Australian rules footballer

Jim Thiel was an Australian rules footballer who played in the South Australian National Football League ('SANFL') for the Norwood Football Club from 1975 to 1984.
Thiel is remembered as one of the club's greats, making significant contributions to the team, including two premierships. He died at the age of 30 in a building site accident in 1986.

==Early life==

Jim Thiel was born on 24 March 1956 in Loxton, South Australia. Raised in regional South Australia, he moved to Adelaide in the early 1970s to pursue his football career. He lived at Carmel Court, a shared accommodation provided by Norwood for country recruits, and attended Norwood High School.

==Playing career==

In his first season, Thiel replaced the injured Ian Stasinowsky during the finals and helped Norwood win the 1975 premiership. His performances that year earned him the club's Best First-Year Player award. Over the next several years, Thiel established himself as a crucial and "highly skilled" part of Norwood's lineup.
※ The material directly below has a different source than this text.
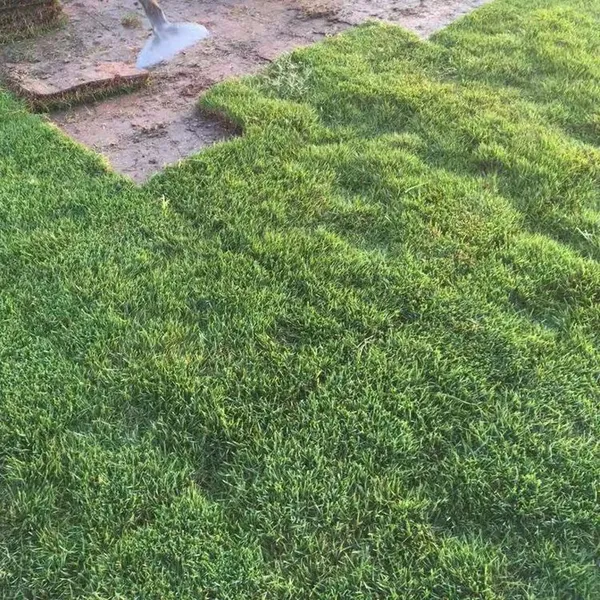 马尼拉草皮 湖北襄樊足球场草皮***格 专车发货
He played a pivotal role in Norwood’s second premiership in 1982, and over his career, Thiel played 156 games and kicked 71 goals for the club.

==Injury and retirement==
Thiel experienced a series of knee injuries, beginning with a severe injury in 1977 that required knee reconstruction. Despite his injuries, Thiel remained one of the SANFL's best centre half forwards until his early retirement in 1984 at the age of 28. His career was cut short by his injuries.

==Legacy==

Thiel was posthumously awarded Life Membership by the Norwood Football Club in recognition of his service to the team.

==Death==

Thiel died on 8 September 1986 at the age of 30. He died in a building site accident when a trench collapsed during plumbing work in Adelaide.